Congressional interest in alcohol excise taxes is broad, given a variety of policy motivations and
the industry’s wide geographic distribution. Since their inception in 1791, federal excise taxes on
alcohol have been imposed or increased throughout history primarily to fund emergency spending
during wartime or in response to concerns over the growth of budget deficits.
Today, three main approaches drive interest in alcohol taxes: (1) tax rates could be decreased to
benefit firms in the industry, (2) excise tax rates could be increased for deficit reduction, or (3)
excise tax rates could be increased to discourage the negative spillover effects of alcohol
consumption (e.g., drunk driving fatalities, property damage, domestic violence).
This report provides a brief historical overview of alcohol excise tax policy and a description of
current law. Next, the report analyzes alcohol excise tax rates based on some of the standard
criteria for tax evaluation: revenue, economic efficiency, and equity. Lastly, this report discusses
bills introduced in the 114th Congress that would reduce current excise tax rates as well as
possible approaches to raising alcohol excise tax rates.
Despite three tax rate increases since 1951 (with the last increase in 1991), alcohol excise taxes
have declined in inflation-adjusted value over time. Excise tax reductions would reduce excise tax
collections, reduce some of the regressivity in the federal tax code, and provide owners of the
affected alcohol producers with a temporary increase in their profits (due to lower tax rates).
Economists typically justify imposing excise taxes on alcohol consumption to better reflect the
costs of an individual’s consumption of alcohol to society. While there is much debate
surrounding the technical measurement of these linkages, most researchers argue that alcohol
excise tax rates are set below the economically efficient level to compensate for social costs. One
estimate finds the combined federal, state, and local taxes between 25 cents and 29 cents (in 2013
dollars) per ounce of pure alcohol compared with the external cost of $1.02 per ounce.

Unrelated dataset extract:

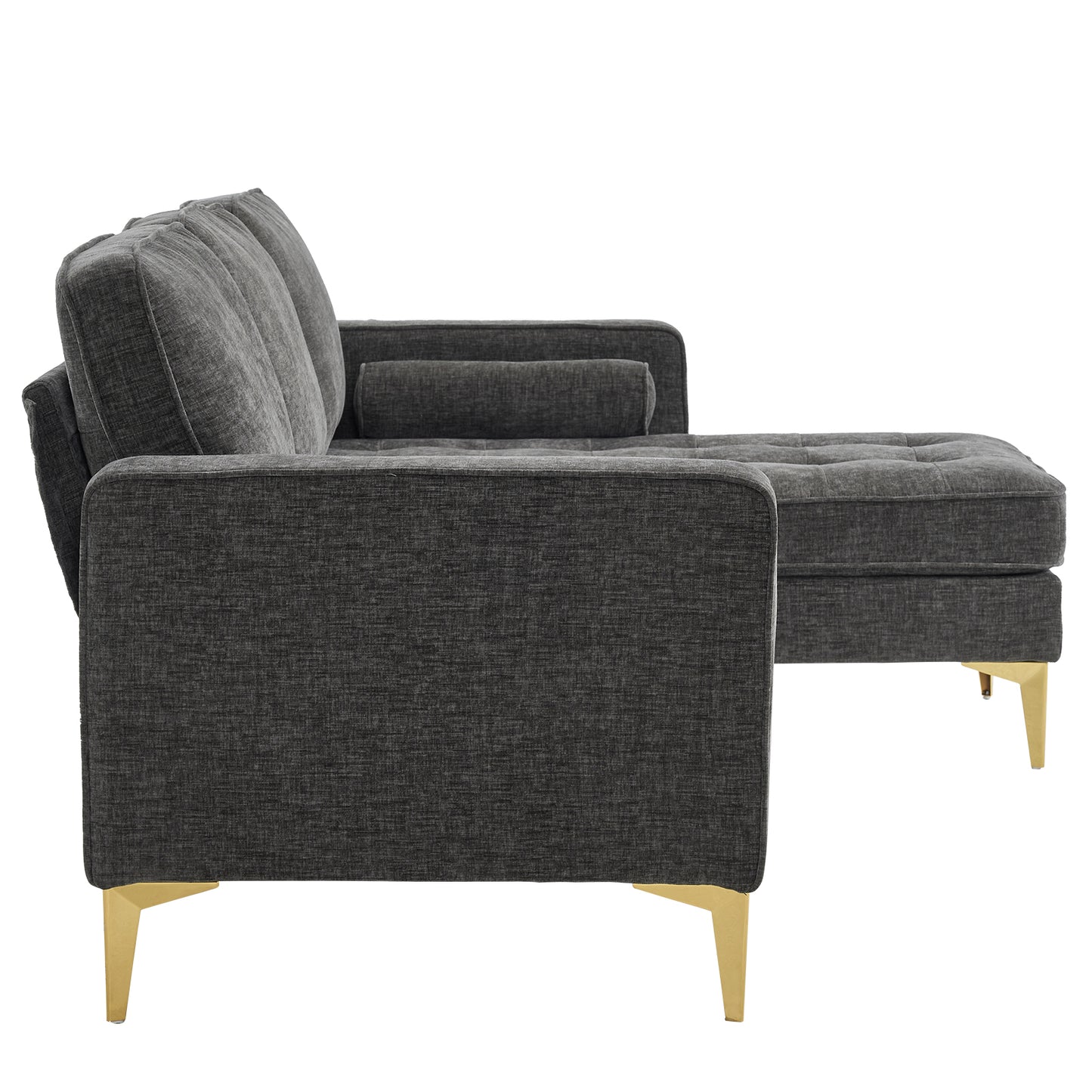 3-Seater Chenille Modular Sofa with Footstool, Gold Legs – Dark Gray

Analysis suggests that excise tax increases are usually passed forward to consumers through
higher prices and are not borne by the owners of alcoholic beverage manufacturers or importers.
Excise taxes are generally regressive, alcohol included. Lower income households tend to spend a
higher share of their pre-tax income on alcoholic beverages, but this distribution is not as uneven
as spending on non-alcoholic beverages or food. Consumers also pay different amounts of federal
excise tax on the same amount of alcohol content, based on the type of alcoholic beverages they
purchase. At current rates, the federal tax per ounce of pure alcoholic content for spirits, wine,
and beer is 21 cents, 10 cents, and 8 cents, respectively.